***** MATERIAL SHOWN
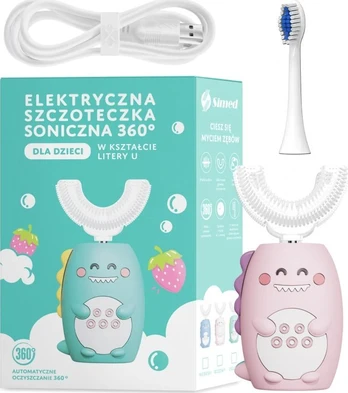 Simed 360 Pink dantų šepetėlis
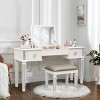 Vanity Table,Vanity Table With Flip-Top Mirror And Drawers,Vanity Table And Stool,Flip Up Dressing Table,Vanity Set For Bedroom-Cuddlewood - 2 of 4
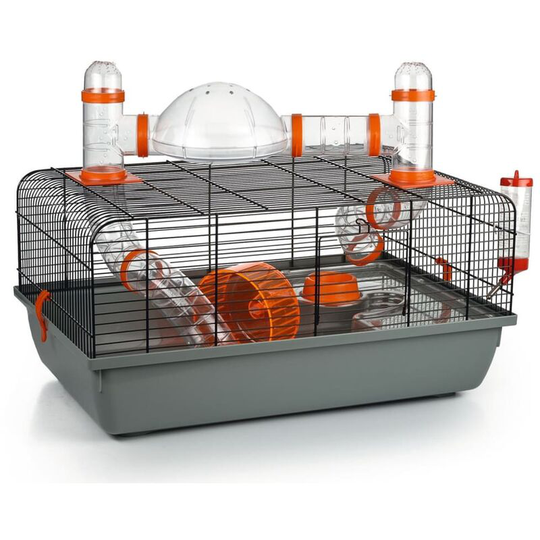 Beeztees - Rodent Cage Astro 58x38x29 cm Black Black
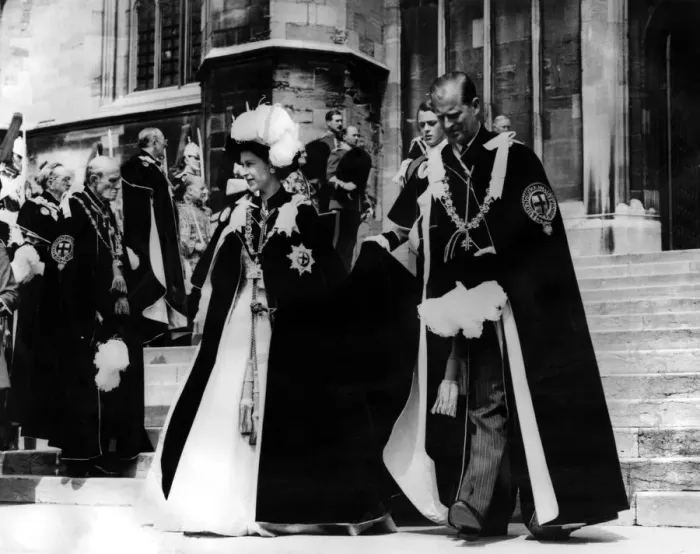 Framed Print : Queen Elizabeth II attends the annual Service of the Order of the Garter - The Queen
**********
***** MATERIAL SHOWN
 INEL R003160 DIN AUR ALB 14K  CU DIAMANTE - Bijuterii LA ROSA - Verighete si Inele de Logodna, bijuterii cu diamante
**********
***** MATERIAL SHOWN
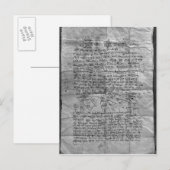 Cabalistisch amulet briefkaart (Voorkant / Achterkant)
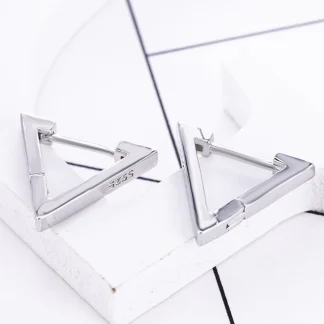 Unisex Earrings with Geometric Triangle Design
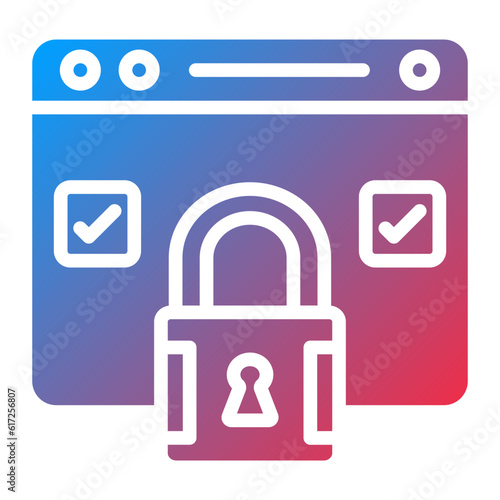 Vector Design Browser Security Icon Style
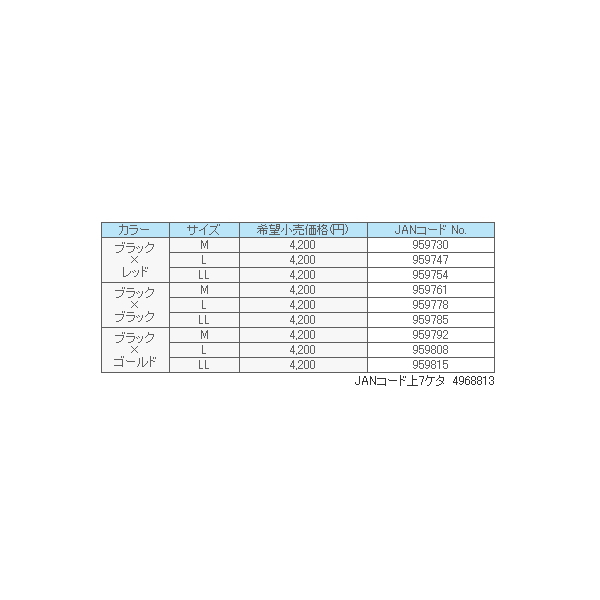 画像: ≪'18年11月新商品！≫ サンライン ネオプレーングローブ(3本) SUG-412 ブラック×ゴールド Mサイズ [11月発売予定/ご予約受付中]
**********
WHAT THIS TASK INVOLVES
Write out word for word the lines of the listing above from the line with "Unisex Earrings with" to the line with "画像: ≪'18年11月新商品！≫ サンライン", taking in both of those lines but no pictures.

FINISHED EXERCISE
 Unisex Earrings with Geometric Triangle Design
 Vector Design Browser Security Icon Style
 画像: ≪'18年11月新商品！≫ サンライン ネオプレーングローブ(3本) SUG-412 ブラック×ゴールド Mサイズ [11月発売予定/ご予約受付中]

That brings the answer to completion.